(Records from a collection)
*** Begin section ***

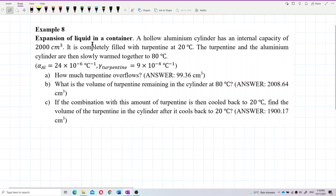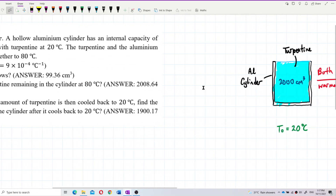Expansion of liquid in a container. A hollow aluminium cylinder has an internal capacity of 2000 cm³. It is completely filled with turpentine at 20 degrees Celsius. The turpentine and the aluminium cylinder are then slowly warmed together to 80 degrees Celsius. Given alpha of aluminium and gamma of turpentine — you have to convert alpha to gamma by multiplying by 3. We use gamma because this is about volume. The question asks how much turpentine overflows.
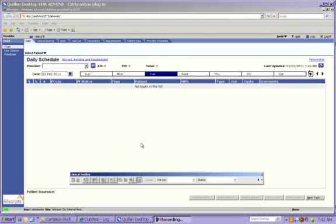Hi everyone, and welcome to the Quillen Physicians webinar, Basic Allscripts Navigation for Providers. In this session, we'll be covering the basics, how to navigate through the various screens in the workspace.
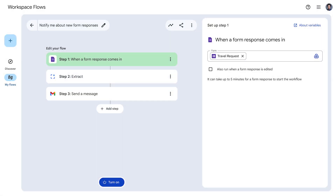On screen, we have a flow to help a manager track travel expense requests from their team. They have a Google Form set up for their team members to submit when they have a business travel request, and then it sends a custom email notification when a new submission is made. We can use variables in the message field.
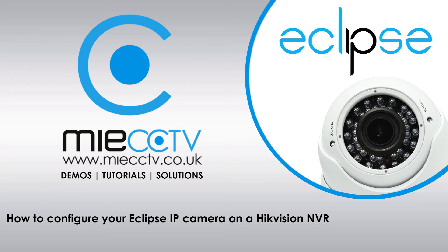Hi, it's Mark here from MIECCTV.co.uk. Today we're going to be looking at how to configure your Eclipse IP cameras in conjunction with a Hikvision NVR.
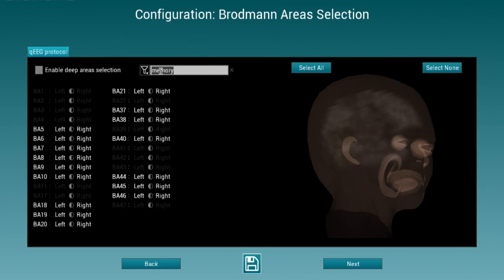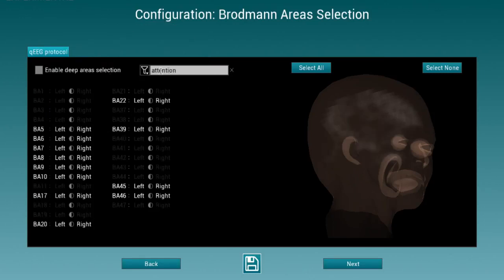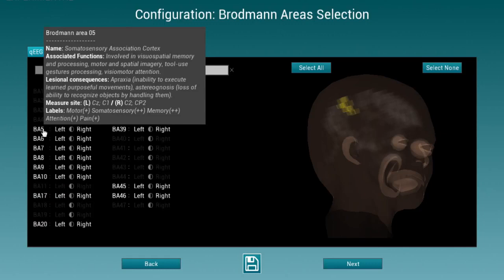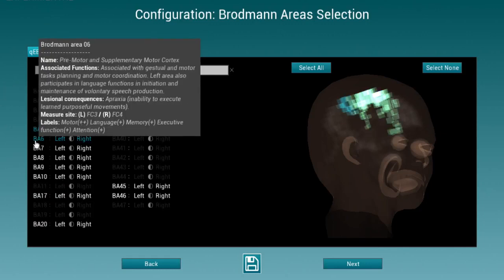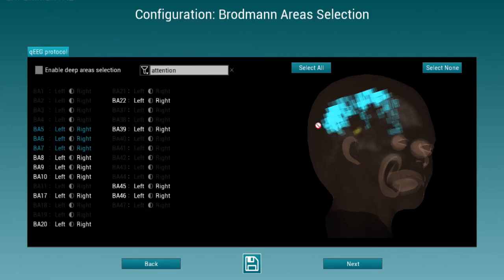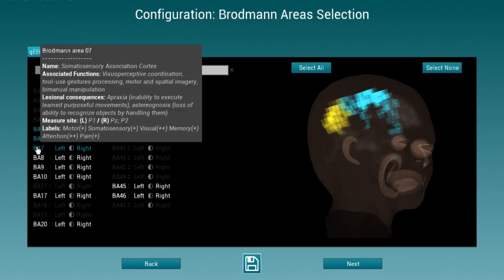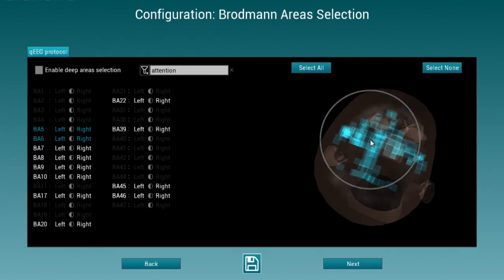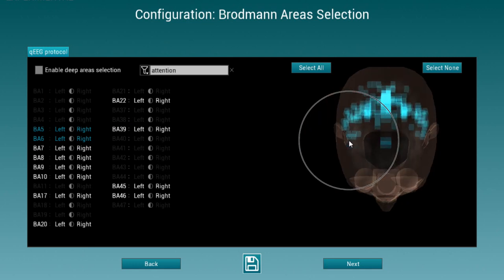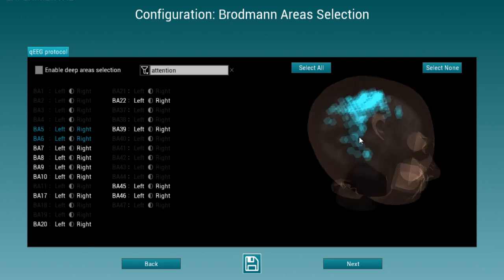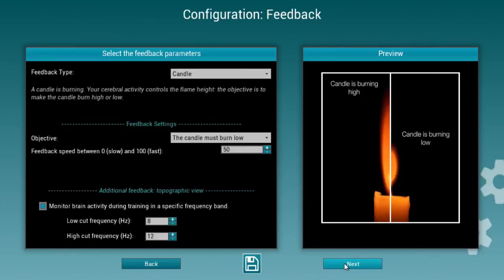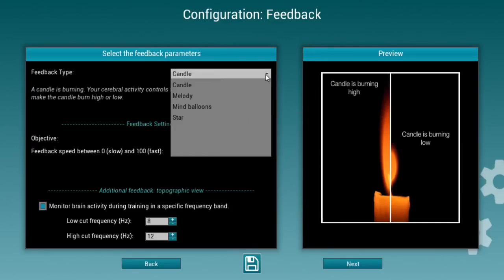You can select the Brodmann areas you're interested in and see the results in three dimensions on the right-hand side. Once you are happy with the Brodmann areas you'd like to reinforce, just press Next and decide on the feedback you would like to use. There are a few variable feedbacks available and more will be added soon.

*** End section ***

▶ [YOUR ASSIGNMENT]:
All records, pictures excluded: copy them exactly.

▶ [FINISHED TASK]:
Expansion of liquid in a container. A hollow aluminium cylinder has an internal capacity of 2000 cm³. It is completely filled with turpentine at 20 degrees Celsius. The turpentine and the aluminium cylinder are then slowly warmed together to 80 degrees Celsius. Given alpha of aluminium and gamma of turpentine — you have to convert alpha to gamma by multiplying by 3. We use gamma because this is about volume. The question asks how much turpentine overflows.
Hi everyone, and welcome to the Quillen Physicians webinar, Basic Allscripts Navigation for Providers. In this session, we'll be covering the basics, how to navigate through the various screens in the workspace.
On screen, we have a flow to help a manager track travel expense requests from their team. They have a Google Form set up for their team members to submit when they have a business travel request, and then it sends a custom email notification when a new submission is made. We can use variables in the message field.
Hi, it's Mark here from MIECCTV.co.uk. Today we're going to be looking at how to configure your Eclipse IP cameras in conjunction with a Hikvision NVR.
You can select the Brodmann areas you're interested in and see the results in three dimensions on the right-hand side. Once you are happy with the Brodmann areas you'd like to reinforce, just press Next and decide on the feedback you would like to use. There are a few variable feedbacks available and more will be added soon.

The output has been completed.